2.2 The lm function

The function lm is the workshorse for fitting linear models. It takes as input a formula: suppose you have a data frame containing columns x (a regressor) and y (the regressand); you can then call lm(y ~ x) to fit the linear model \(y = \beta_0 + \beta_1x + \varepsilon\). The explanatory variable y is on the left hand side, while the right hand side should contain the predictors, separated by a + sign if there are more than one. If you provide the data frame name using data, then the shorthand y ~ . fits all the columns of the data frame (but y) as regressors.

To fit higher order polynomials or transformations, use the I function to tell R to interpret the input “as is”. Thus, lm(y~x+I(x^2)), would fit a linear model with design matrix \((\boldsymbol{1}_n, \mathbf{x}^\top, \mathbf{x}^2)^\top\). A constant is automatically included in the regression, but can be removed by writing -1 or +0 on the right hand side of the formula.

The lm output will display OLS estimates along with standard errors, \(t\) values for the Wald test of the hypothesis \(\mathrm{H}_0: \beta_i=0\) and the associated \(P\)-values. Other statistics and information about the sample size, the degrees of freedom, etc., are given at the bottom of the table.
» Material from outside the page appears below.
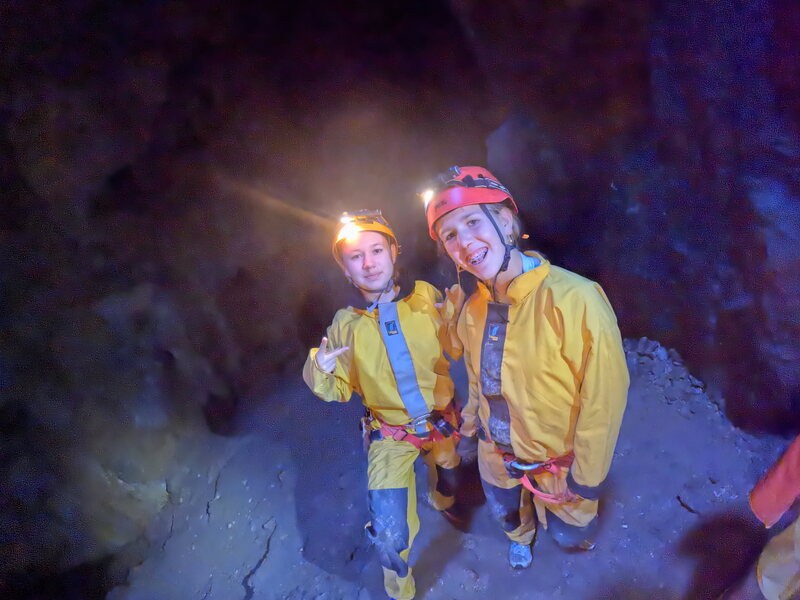 F08+ Grotten, meren en vulkanen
Many methods allow you to extract specific objects. For example, the functions coef, resid, fitted, model.matrix will return \(\hat{\boldsymbol{\beta}}\), \(\boldsymbol{e}\), \(\hat{\boldsymbol{y}}\) and \(\mathbf{X}\), respectively.

##  [1] "coefficients"  "residuals"     "effects"       "rank"         
##  [5] "fitted.values" "assign"        "qr"            "df.residual"  
##  [9] "xlevels"       "call"          "terms"         "model"
##  [1] "call"          "terms"         "residuals"     "coefficients" 
##  [5] "aliased"       "sigma"         "df"            "r.squared"    
##  [9] "adj.r.squared" "fstatistic"    "cov.unscaled"

The following simply illustrates what has been derived in Exercise series 2. R has devoted functions that are coded more efficiently.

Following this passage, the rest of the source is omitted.